Tesmoin nos Armées perduës faute de subsistance deuant
Lerida, les foibles secours de Naples enuoyez à contre-temps,
le siege de Cremone, la perte de Courtray & autres actions de
cette qualité.

Et quant à la negociation de la Paix, Qui est si grossier qui
ne iuge, qu’il n’a iamais voulu donner part au secret de l’affaire
qu’à son Confident, quoy que le Duc de Longueuille & les autres
Deputez de probité reconnuë, ne peussent estre suspects,
& qu’il a mieux aymé perdre nos Alliez, que de faire la Paix
conjointement auec eux ; ce qui seroit vne faute criminelle,
quand il n’y auroit point d’infidelité : & si les declarations vniformes
des Nonces font quelque foy, si la propre confession
dudit Cardinal peut seruit à le conuaincre, apres auoir dit tant
de fois, qu’il tenoit la Paix entre ses mains, outre la voix publique
que qui le declare par tout, & la chose qui parle d’elle-mesme ;
Il n’est que trop éuident qu’il a trahy nos vrais interests en cette
affaire si importante : Et cette seule preuarication en vn sujet
de cette qualité, ne meriteroit-elle pas vn supplice, qui égalast
en quelque sorte les miseres & les desolations qu’elle a causées.

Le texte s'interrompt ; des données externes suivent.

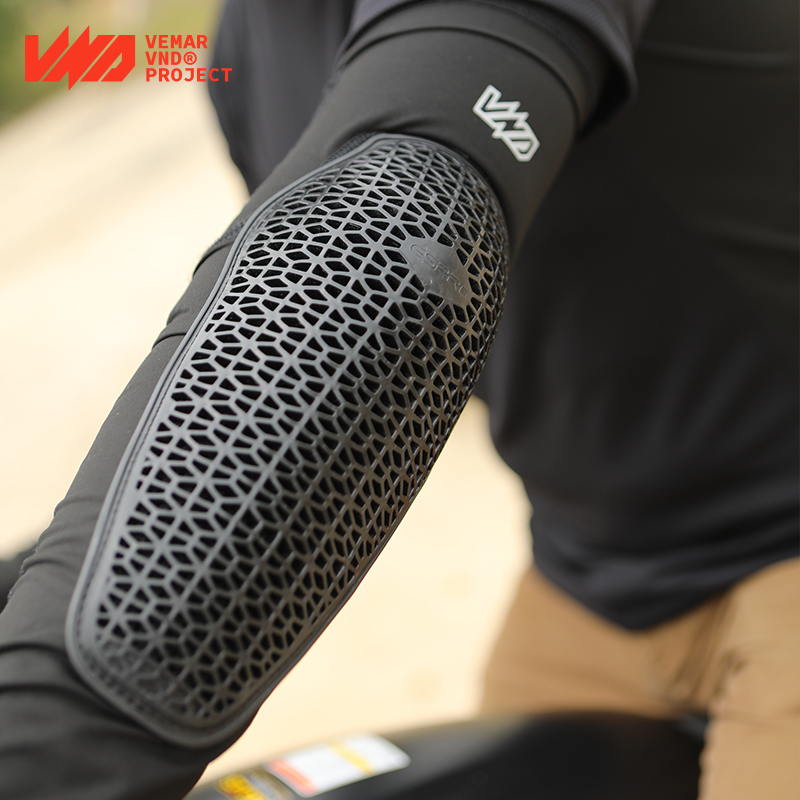 Anti-Fall Motorcycle Knee and  - Mountain Biking Elbow Pads recensie en prijs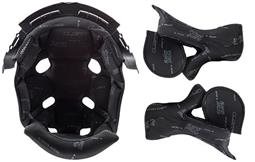 Mx470 Inredning Svart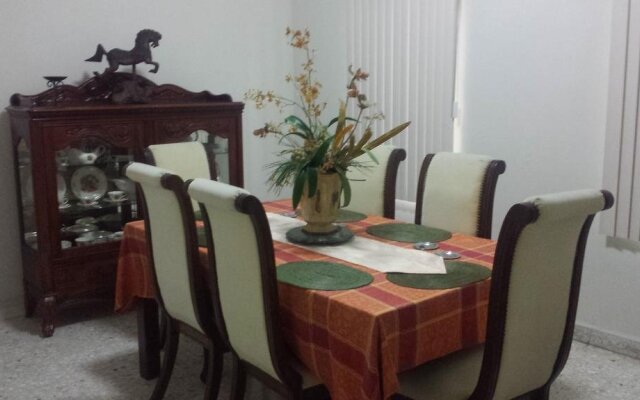 La Casona VIP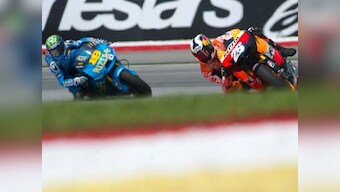 Suzuki to return to MotoGP in 2015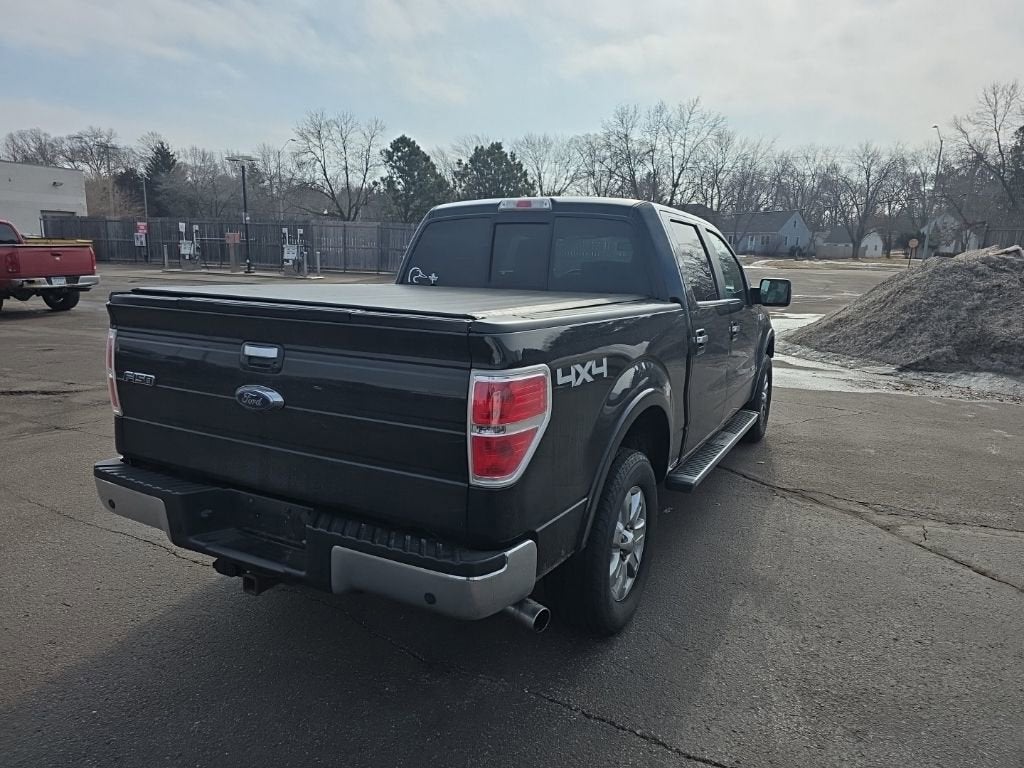 2013 Ford F-150 XL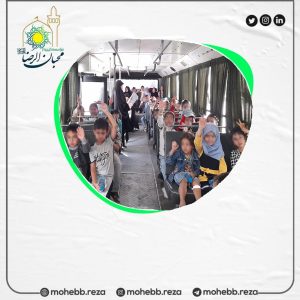 دربارۀ این مقاله بیشتر بخوانید برگزاری اولین اردوی خانوادگی در اردوگاه فرهنگی تربیتی آسمان هشتم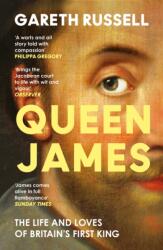Queen James (ISBN: 9780008660895)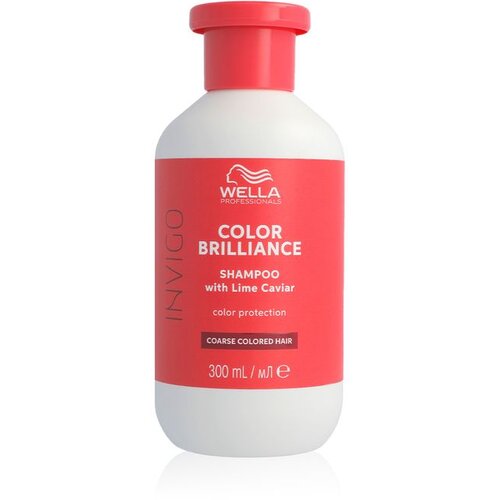 Wella Invigo Color Brilliance &Scaron;ampon za Za&scaron;titu Boje (Gruba Kosa) 300 ml Cijene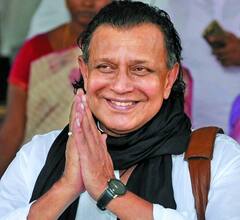 Bhojpuri News: मिथुन दा का भोजपुरिया अंदाज देखा क्या? अगर नहीं तो देखिए ये 2 सुपरहिट फिल्में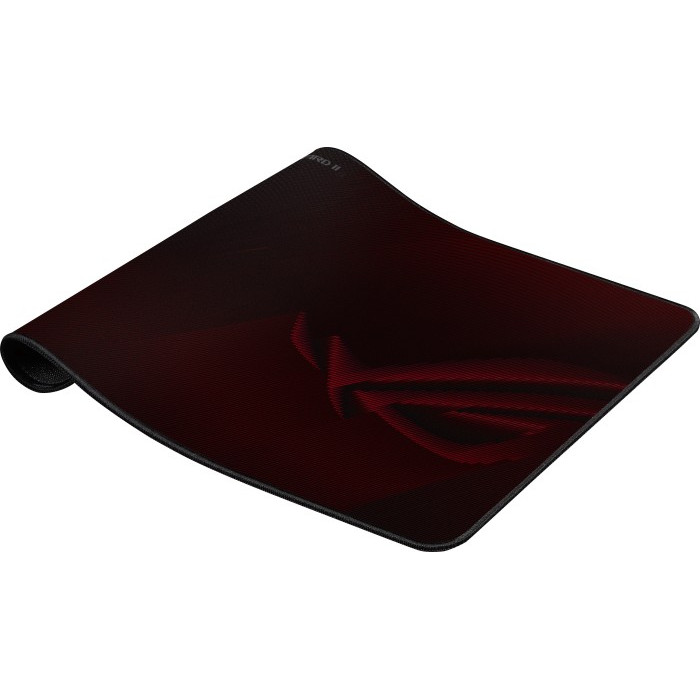 Ігрова поверхня ASUS ROG Scabbard II, M (360х260х3мм), чорний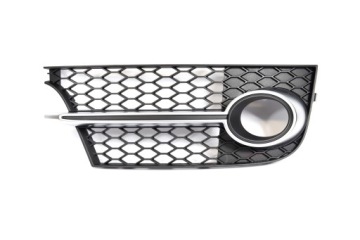 Купить Решётка решётка радиатора бампера передний audi tt mkii tts левая aso оригинал, фото thumb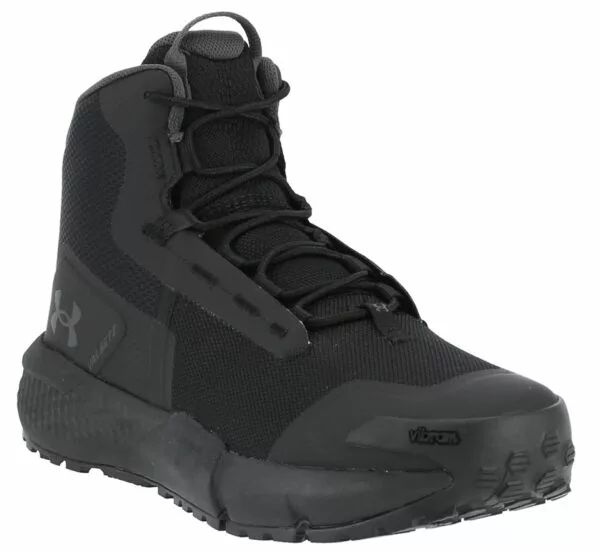 Under Armour Charged Valsetz Mid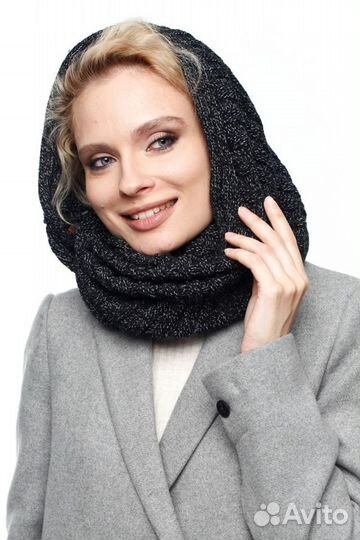 Шарф-снуд Faberlic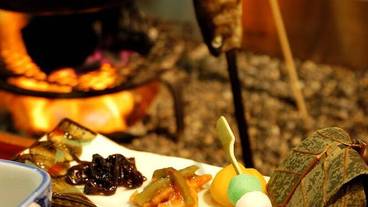 食事・飲み物 / 3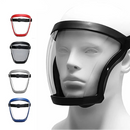 Máscara de proteção facial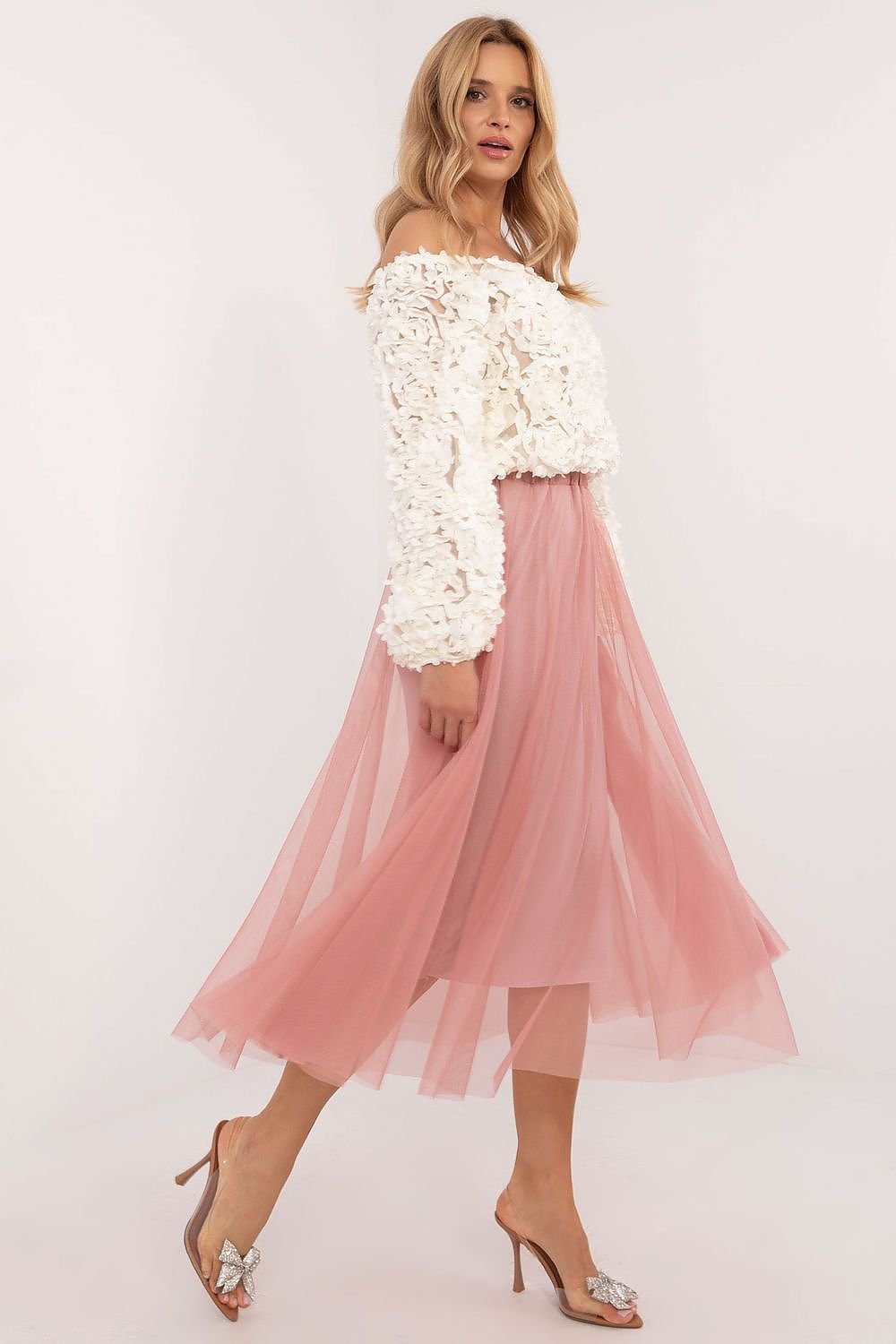 Skirt model 202435 Italy Moda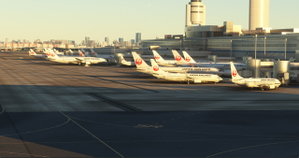 Asobo + Revised RJTT Enhancement For AIG AI Traffic thumbnail 3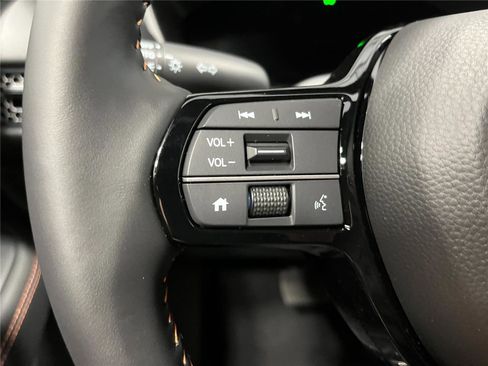 New 2026 Honda HR-V Sport image 17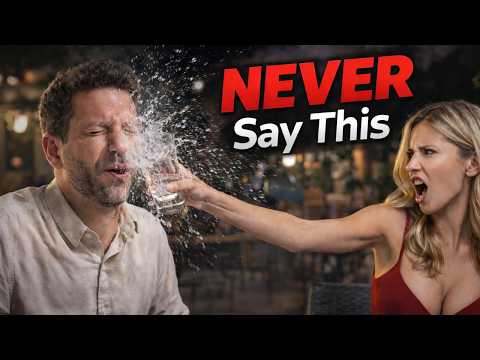 7 Phrases That Kill Her Sexual Attraction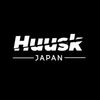 huuskstore.com Logotipo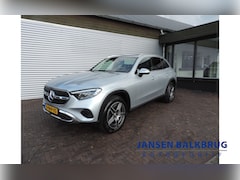 Mercedes-Benz GLC-klasse - 300e 4MATIC Luxury Line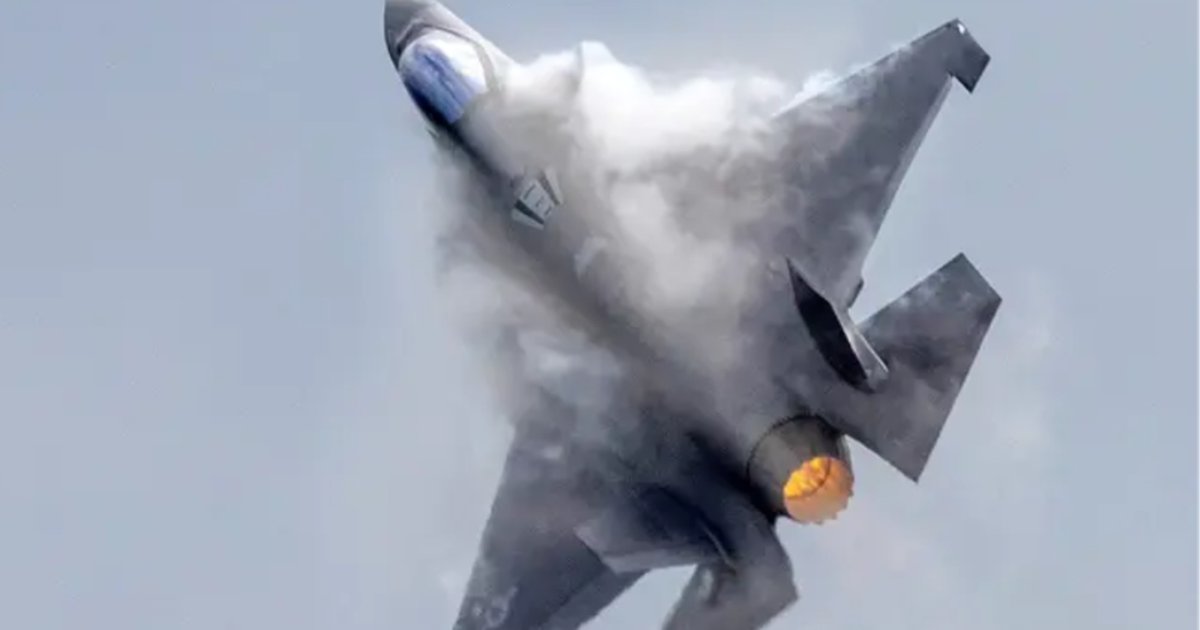 Ka paguar 1 4 miliardë dollarë  por SHBA ia ka bllokuar  Turqia drejt marrjes së avionëve F 35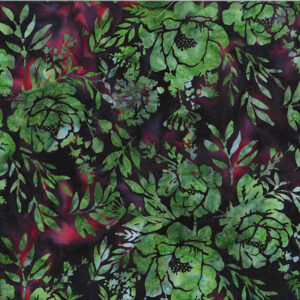 45" Hoffman Bali Batik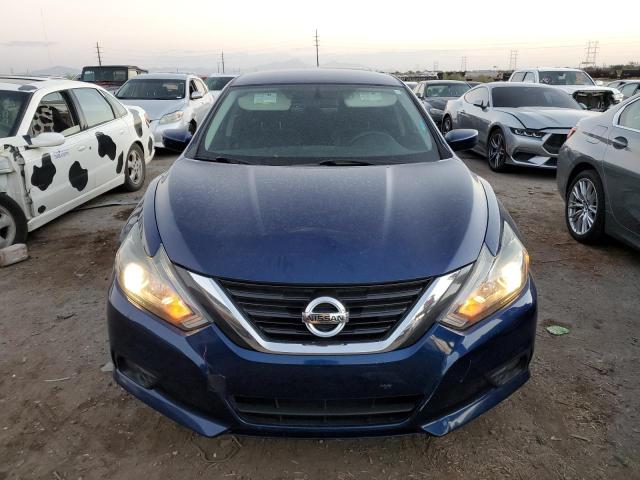 Photo 5 from auction – 2018 NISSAN ALTIMA 2.5 with VIN 1N4AL3AP3JC138887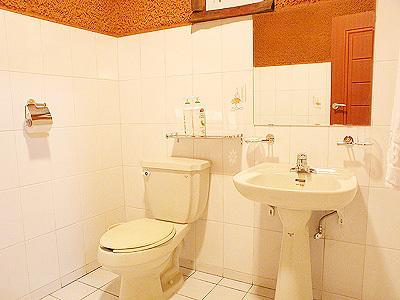 Holiday home Angkure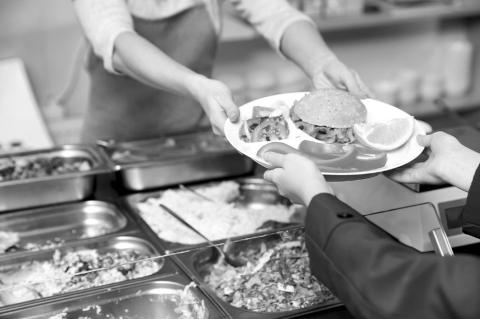 Summer Program For Children, Youth Addresses Food Insecurity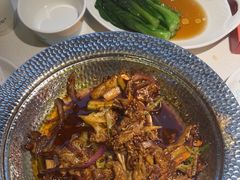 -小鱼小牛·鱼牛干锅·脆鱼火锅(世欧广场店)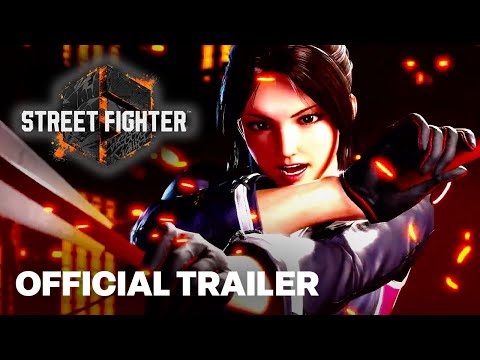 Street Fighter 6 – Official Mai Shiranui Character Guide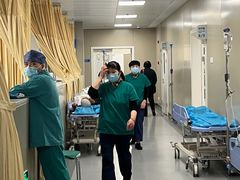 -上海市东方医院(总院)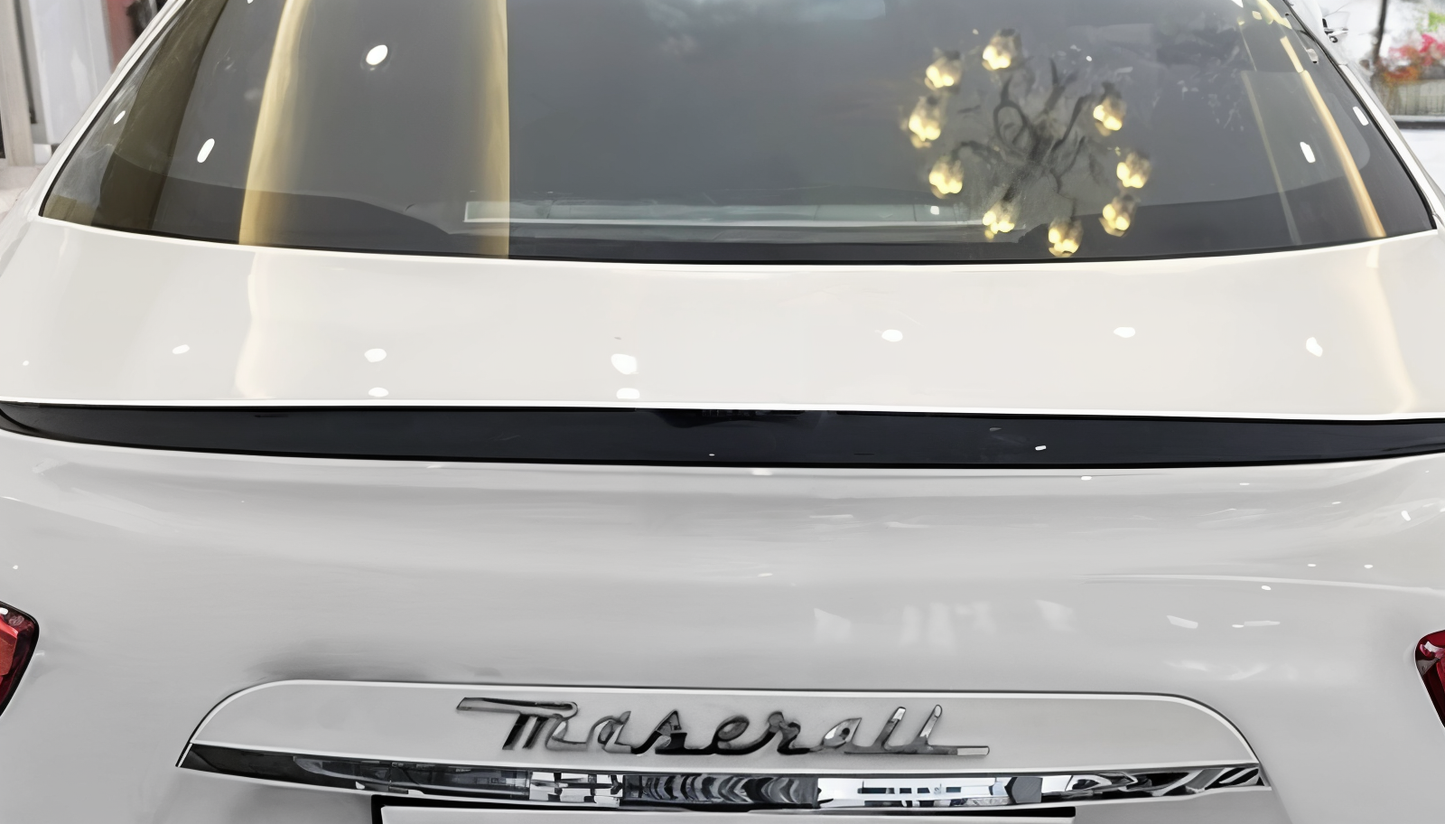 Ghibli Preorder spoiler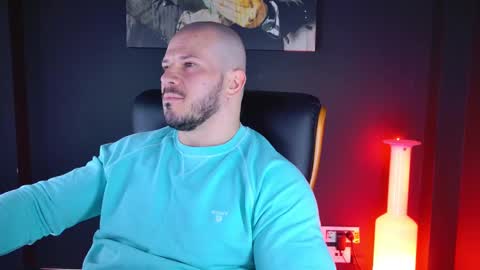 BlackWolf online show from December 3, 7:32 am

Mais on peut encore raisonnablement tirer cette induction
de son procedé, qu’il auoit la pensée de partager vn iour
la France auec l’Espagnol, & nous sommes peut estre à la veille
de l’esprouuer.

Quant à l’abus & la depradation des Finances, le Cardinal
Mazarin oseroit il dire, qu’il y ayt eu quelques limites à sa conuoitise,
SIRE, les Souuerains, legitimes tuteurs du Peuple, regardent
leur bien comme le bien d’autruy, pour en vser ; & pour
le conseruer, ils le considerent comme leur bien propre, de maniere
qu’ils n’y mettent iamais la main sans necessité, ny sans mesure :
Mais les Vsurpateurs de l’authorité souueraine regardent
le bien du Peuple comme leur proye, sont auides de la substance,
& la derniere goutte de son sang est la seule borne de leur
cupidité.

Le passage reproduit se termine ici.